═══ Exercise data
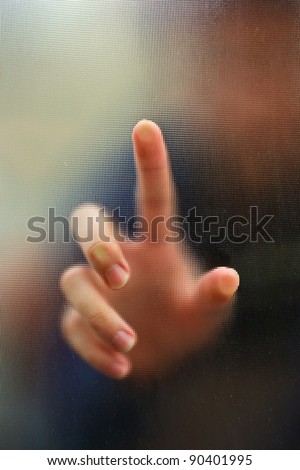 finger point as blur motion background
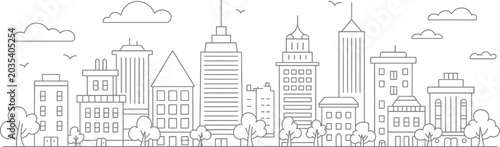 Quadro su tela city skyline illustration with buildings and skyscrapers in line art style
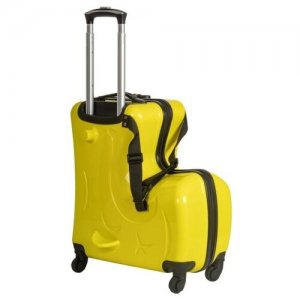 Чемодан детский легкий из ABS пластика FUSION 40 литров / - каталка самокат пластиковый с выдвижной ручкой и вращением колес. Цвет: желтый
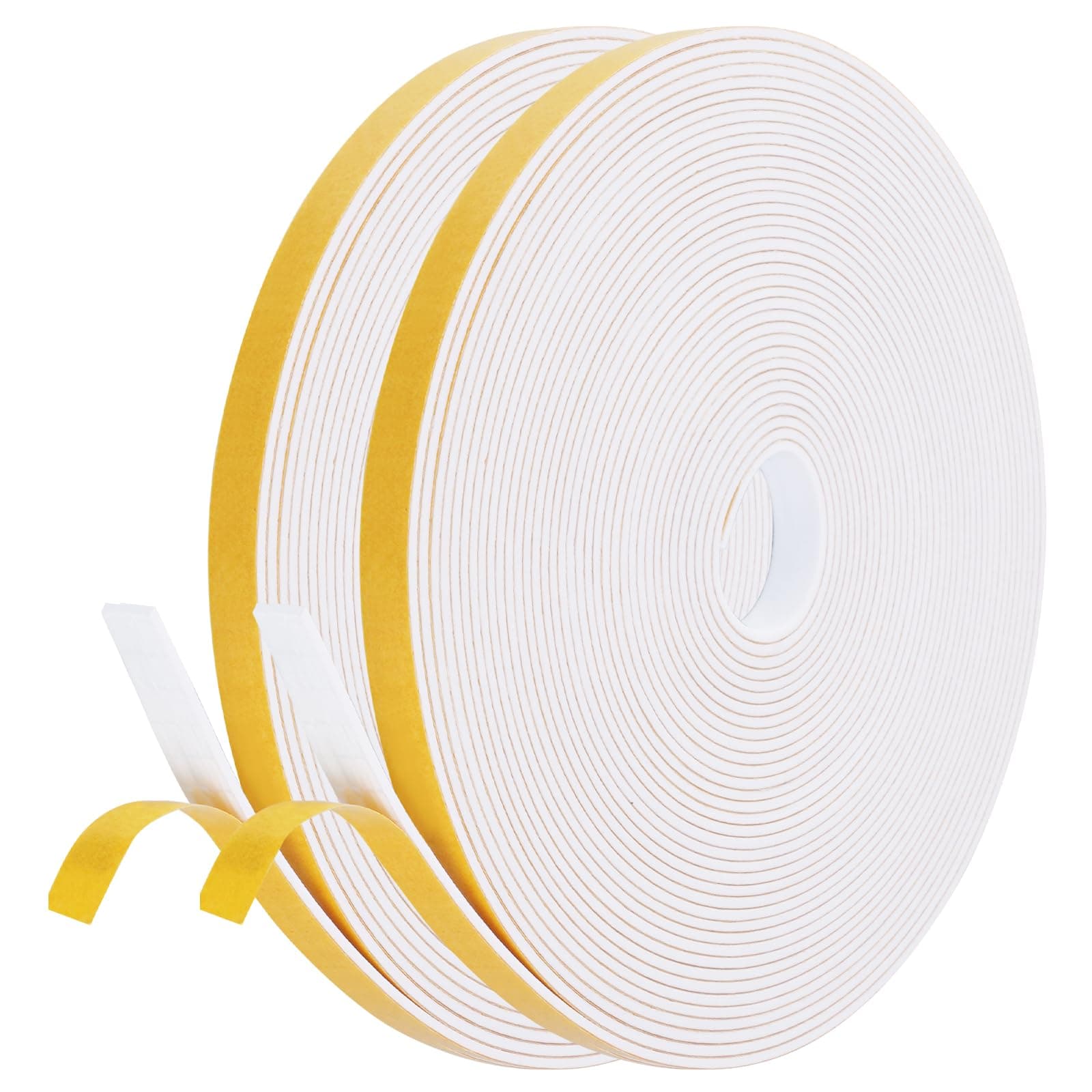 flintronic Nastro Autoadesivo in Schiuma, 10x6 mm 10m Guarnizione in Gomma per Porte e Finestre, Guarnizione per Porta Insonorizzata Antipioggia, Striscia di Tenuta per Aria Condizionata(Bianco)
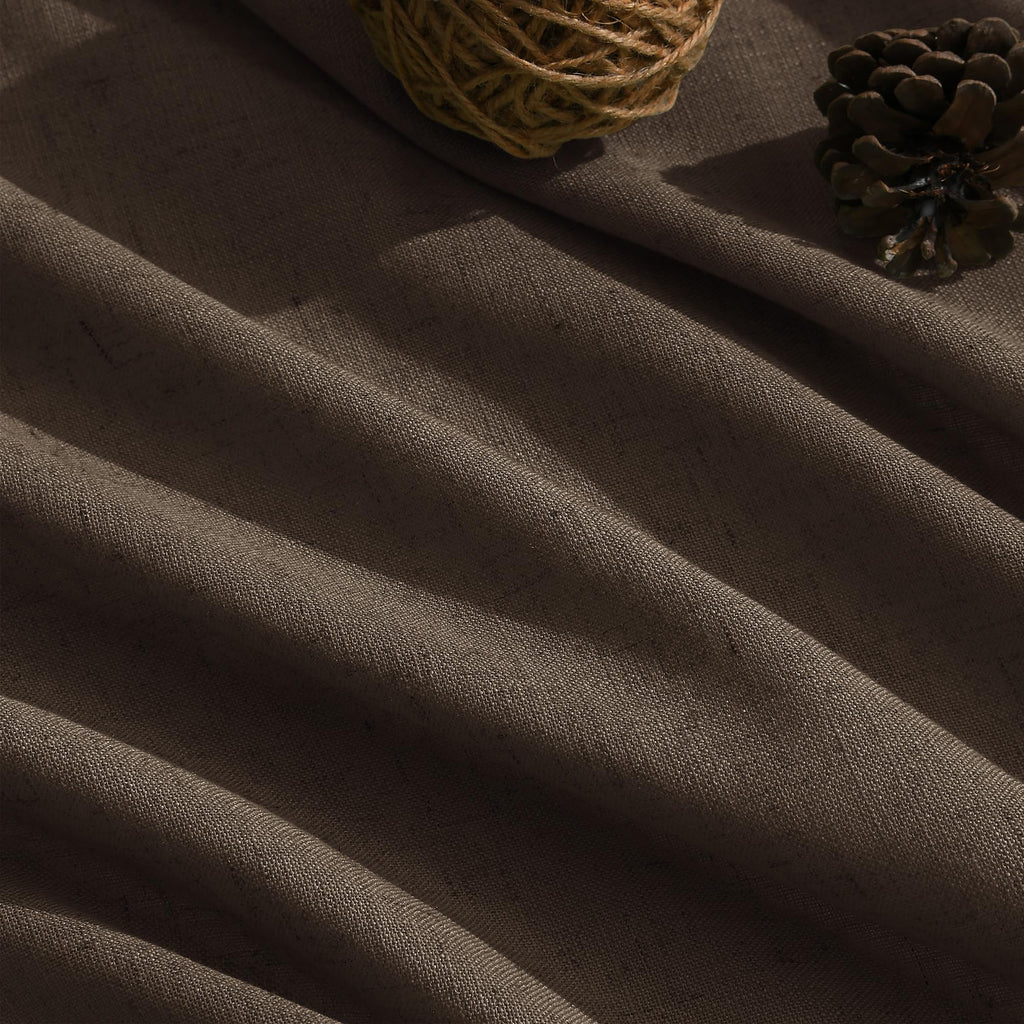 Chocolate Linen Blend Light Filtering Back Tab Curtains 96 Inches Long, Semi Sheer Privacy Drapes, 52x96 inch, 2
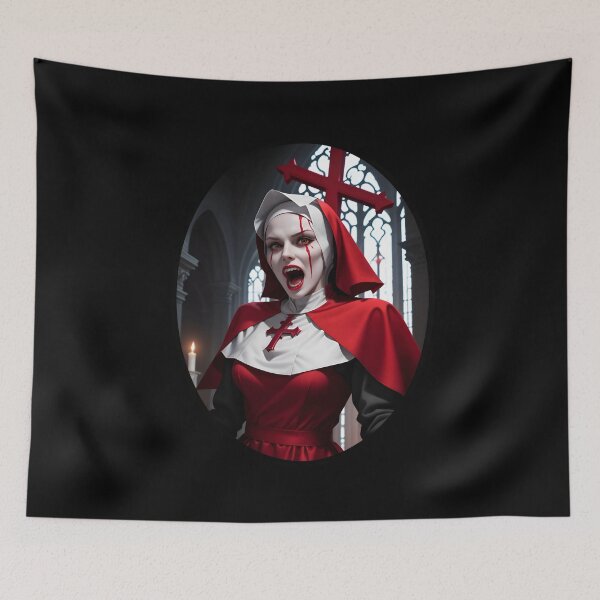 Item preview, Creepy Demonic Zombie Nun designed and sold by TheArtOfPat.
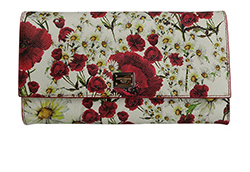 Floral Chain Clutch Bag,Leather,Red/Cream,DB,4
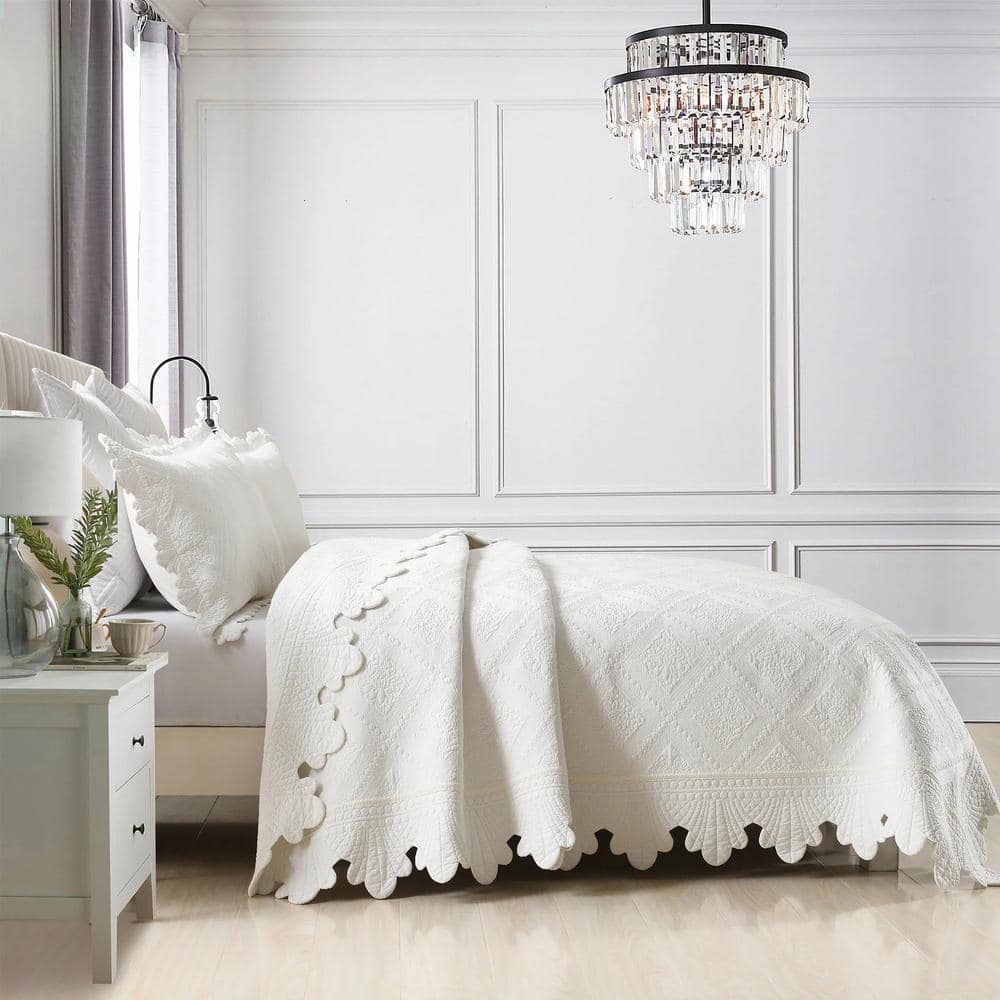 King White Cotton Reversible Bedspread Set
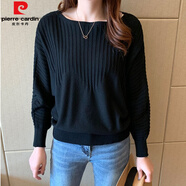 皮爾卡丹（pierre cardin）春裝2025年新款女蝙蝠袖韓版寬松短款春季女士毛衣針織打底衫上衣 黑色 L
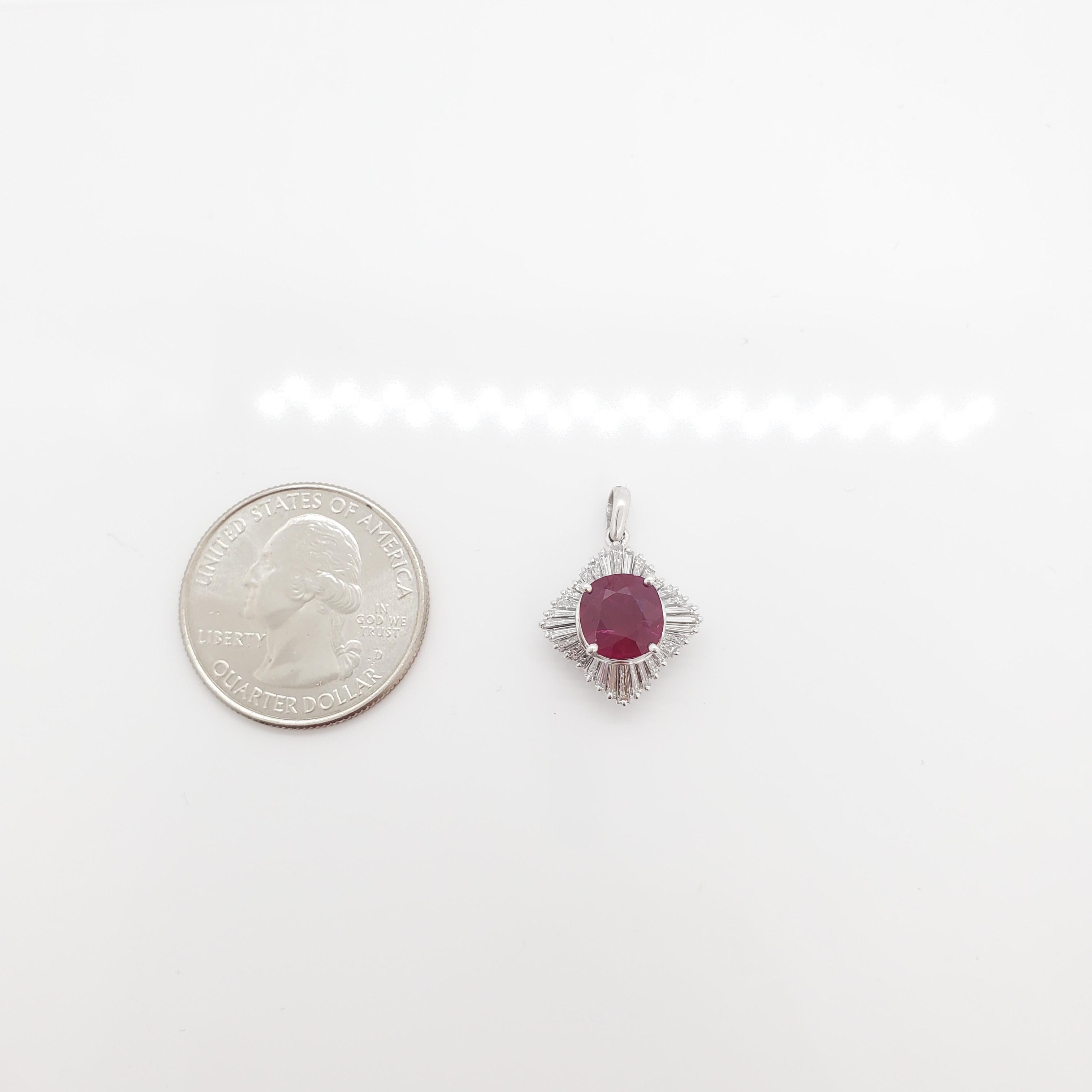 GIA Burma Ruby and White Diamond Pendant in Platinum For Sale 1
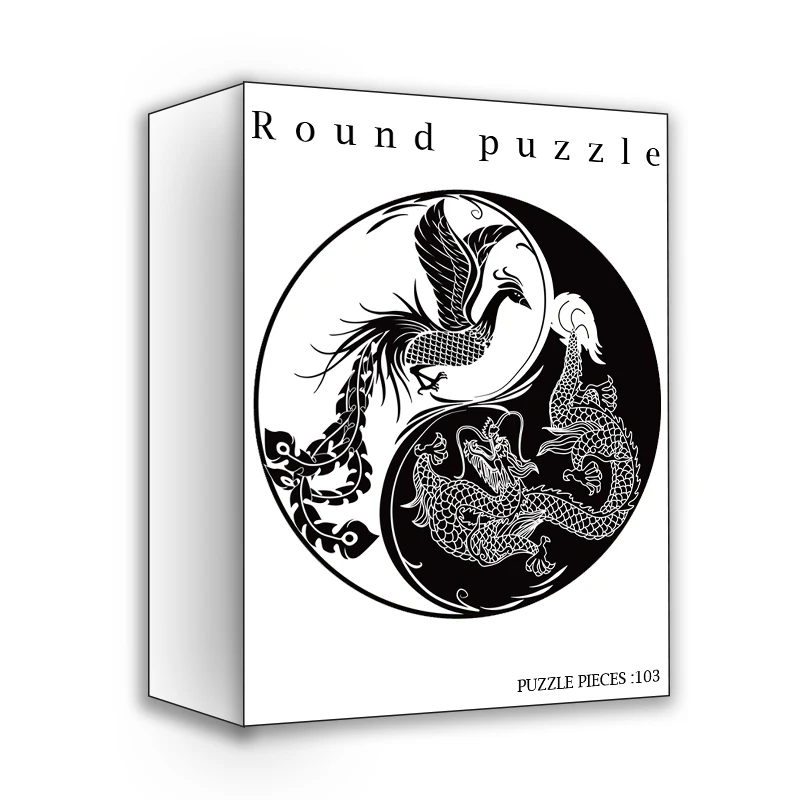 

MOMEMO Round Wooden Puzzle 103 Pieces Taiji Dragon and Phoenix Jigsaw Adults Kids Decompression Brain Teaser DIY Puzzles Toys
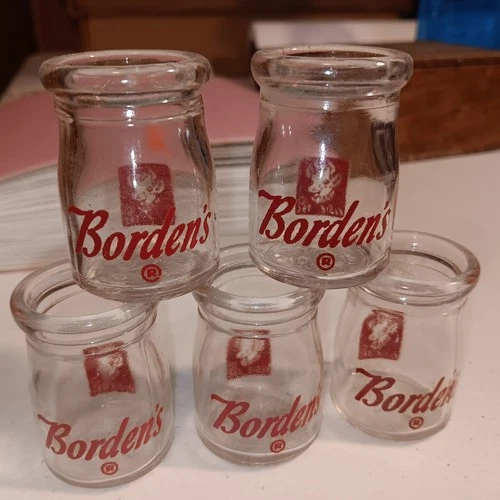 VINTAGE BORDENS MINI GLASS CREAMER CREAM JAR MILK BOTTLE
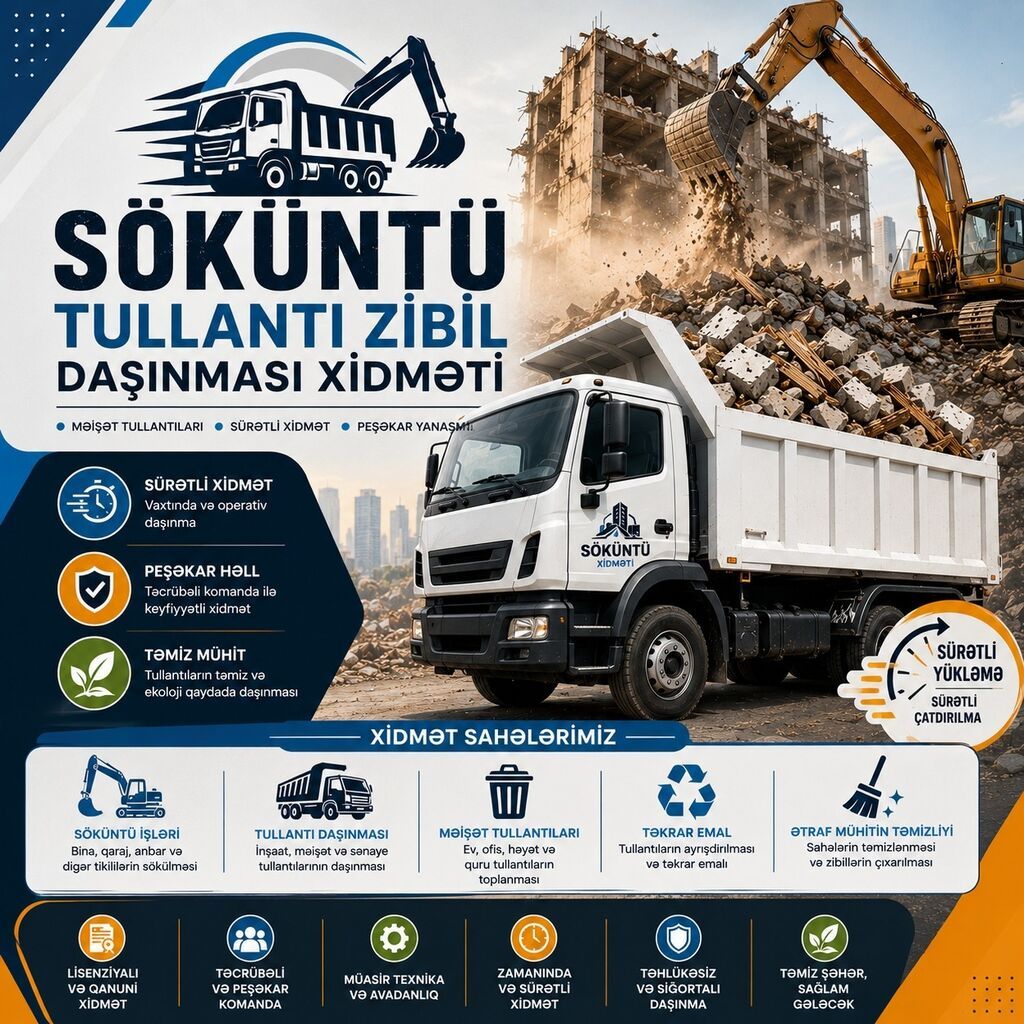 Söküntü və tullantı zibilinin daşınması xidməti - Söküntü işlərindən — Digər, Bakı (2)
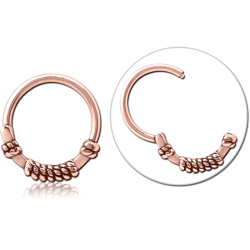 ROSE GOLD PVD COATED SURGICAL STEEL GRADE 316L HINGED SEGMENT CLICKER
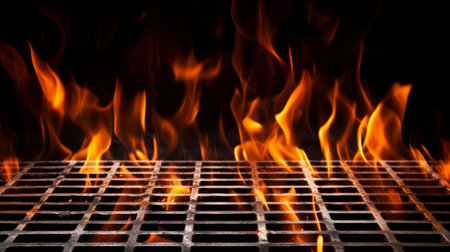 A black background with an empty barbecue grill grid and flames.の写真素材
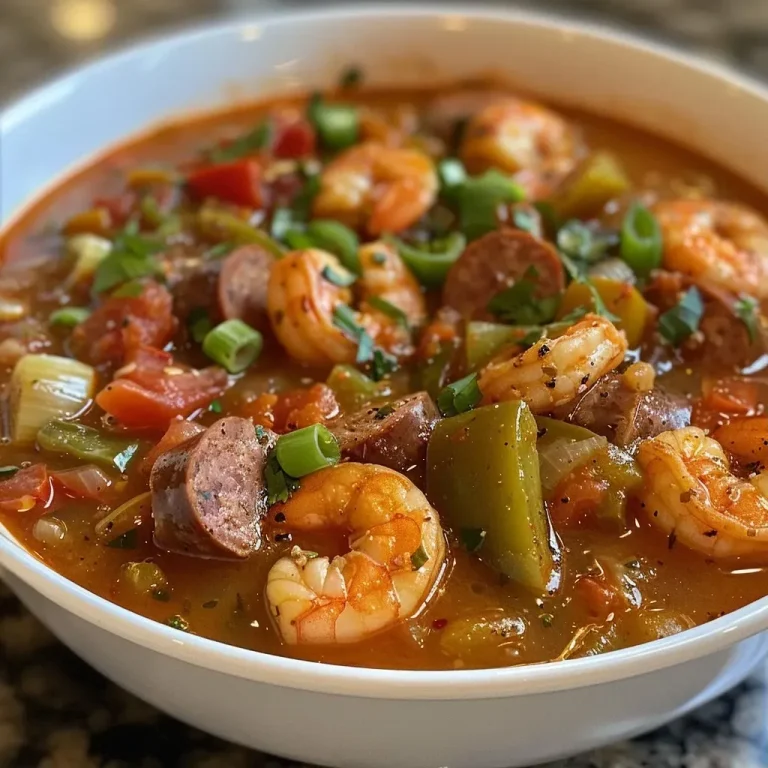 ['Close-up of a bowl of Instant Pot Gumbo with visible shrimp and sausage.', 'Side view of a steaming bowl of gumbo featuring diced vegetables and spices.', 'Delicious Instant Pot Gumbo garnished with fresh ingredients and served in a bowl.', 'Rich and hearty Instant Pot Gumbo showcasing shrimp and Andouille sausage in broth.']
══════
What is expected
Leaving the pictures out, output all of the listing exactly.

Task response
 finger point as blur motion background
 Quadro su tela city skyline illustration with buildings and skyscrapers in line art style
 Чемодан детский легкий из ABS пластика FUSION 40 литров / - каталка самокат пластиковый с выдвижной ручкой и вращением колес. Цвет: желтый
 flintronic Nastro Autoadesivo in Schiuma, 10x6 mm 10m Guarnizione in Gomma per Porte e Finestre, Guarnizione per Porta Insonorizzata Antipioggia, Striscia di Tenuta per Aria Condizionata(Bianco)
 Chocolate Linen Blend Light Filtering Back Tab Curtains 96 Inches Long, Semi Sheer Privacy Drapes, 52x96 inch, 2
 Item preview, Creepy Demonic Zombie Nun designed and sold by TheArtOfPat.
 Floral Chain Clutch Bag,Leather,Red/Cream,DB,4
 King White Cotton Reversible Bedspread Set
 皮爾卡丹（pierre cardin）春裝2025年新款女蝙蝠袖韓版寬松短款春季女士毛衣針織打底衫上衣 黑色 L
 GIA Burma Ruby and White Diamond Pendant in Platinum For Sale 1

MOMEMO Round Wooden Puzzle 103 Pieces Taiji Dragon and Phoenix Jigsaw Adults Kids Decompression Brain Teaser DIY Puzzles Toys
 VINTAGE BORDENS MINI GLASS CREAMER CREAM JAR MILK BOTTLE
 Söküntü və tullantı zibilinin daşınması xidməti - Söküntü işlərindən — Digər, Bakı (2)
 ROSE GOLD PVD COATED SURGICAL STEEL GRADE 316L HINGED SEGMENT CLICKER
 A black background with an empty barbecue grill grid and flames.の写真素材
 ['Close-up of a bowl of Instant Pot Gumbo with visible shrimp and sausage.', 'Side view of a steaming bowl of gumbo featuring diced vegetables and spices.', 'Delicious Instant Pot Gumbo garnished with fresh ingredients and served in a bowl.', 'Rich and hearty Instant Pot Gumbo showcasing shrimp and Andouille sausage in broth.']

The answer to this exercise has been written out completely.